Grace O’Malley, Chieftainness, Pirate Queen, wife, mother and female authority in a patriarchal world, had so far succeeded in resisting all attempts to put her into the place where most people would have liked to see her. This place being at home, far away from the battlefield, thinking about what her husband would like to have to eat when he comes home. She commanded her own fleet, controlled the waters on the west coast of Ireland and had succeeded in inheriting her father’s title as Chieftain, although she had a half-brother, who would have been the obvious successor.

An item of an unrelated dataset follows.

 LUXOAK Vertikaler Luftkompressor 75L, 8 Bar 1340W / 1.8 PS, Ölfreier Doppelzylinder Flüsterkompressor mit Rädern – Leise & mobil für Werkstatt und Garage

This was her situation until her worst adversary, Sir Richard Bingham, entered the stage. In short, Bingham had found a way to take away most possessions from Grace O’Malley’s family, brutally killed her oldest son Owen, and imprisoned her other sons Murrough and Theobald, as well as her half-brother Donal. Grace did not hesitate, but immediately took action and sent a petition to the English Queen herself. The petition asked for the liberation of her relatives and the authorisation to carry on her politics the way she wanted. As a result, Queen Elizabeth soon granted an audience to the Pirate Queen.

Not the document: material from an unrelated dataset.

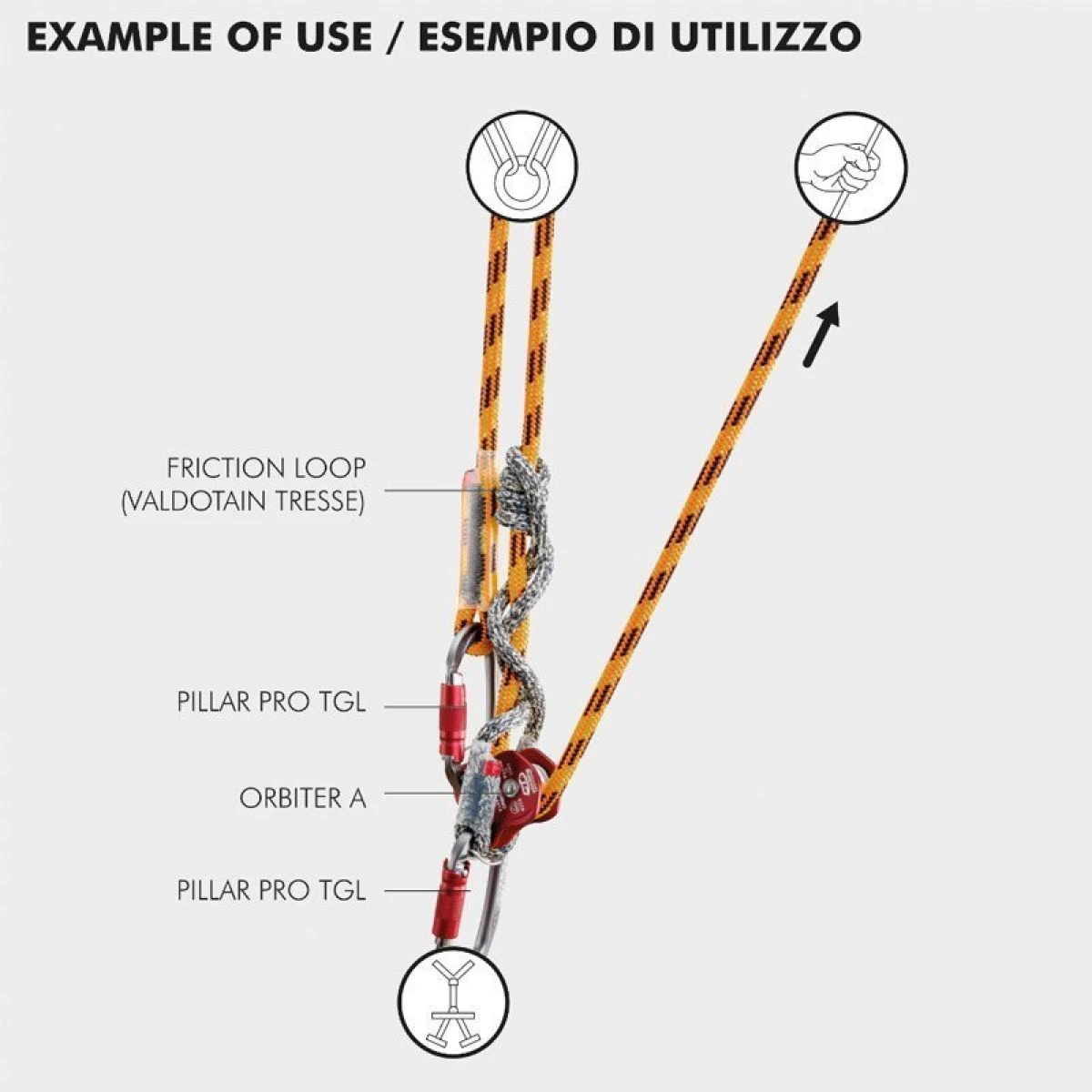 CLIMBING  Orbiter Kırmızı A Makara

Legend over legend tells the story about these two interesting women meeting, most of them depicting Grace’s boldness towards the English Queen. Irish tradition, especially, tends to tell us that Grace O’Malley not only felt equal to Queen Elizabeth but even behaved in a shockingly disrespectful way during the audience. Sean McCann, for instance, reports a story in which Grace O’Malley is said to have made fun of Queen Elizabeth’s present to her. It is told that Elizabeth I wanted to give a lapdog to her. This only made the Pirate Queen laugh and tell the English Queen that she should keep it herself, if she was idle enough to have time to play with it. The story also describes how Grace told the Queen that she was a Queen herself, equal to Elizabeth I (McCann 1972, p.133). Nevertheless, none of these anecdotes are recorded. It seems to be rather doubtful that a person merely begging for her relatives’ lives, and her own welfare, would risk her own and her kinsmen’s necks, by insulting the person who holds their future in her hands.

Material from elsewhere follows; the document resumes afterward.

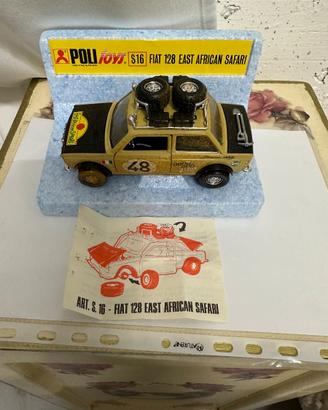 Modellismo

Only Grace’s refusal to bow in front of the English Queen is recorded, and this does not necessarily mean that Grace O’Malley felt equal to the English Queen. The documentary Warrior Women states that it could also be seen as a gesture to show that she did not accept Elizabeth I as the queen of Ireland (Warrior Women 2003). Even this seems to be a very brave gesture, given her situation.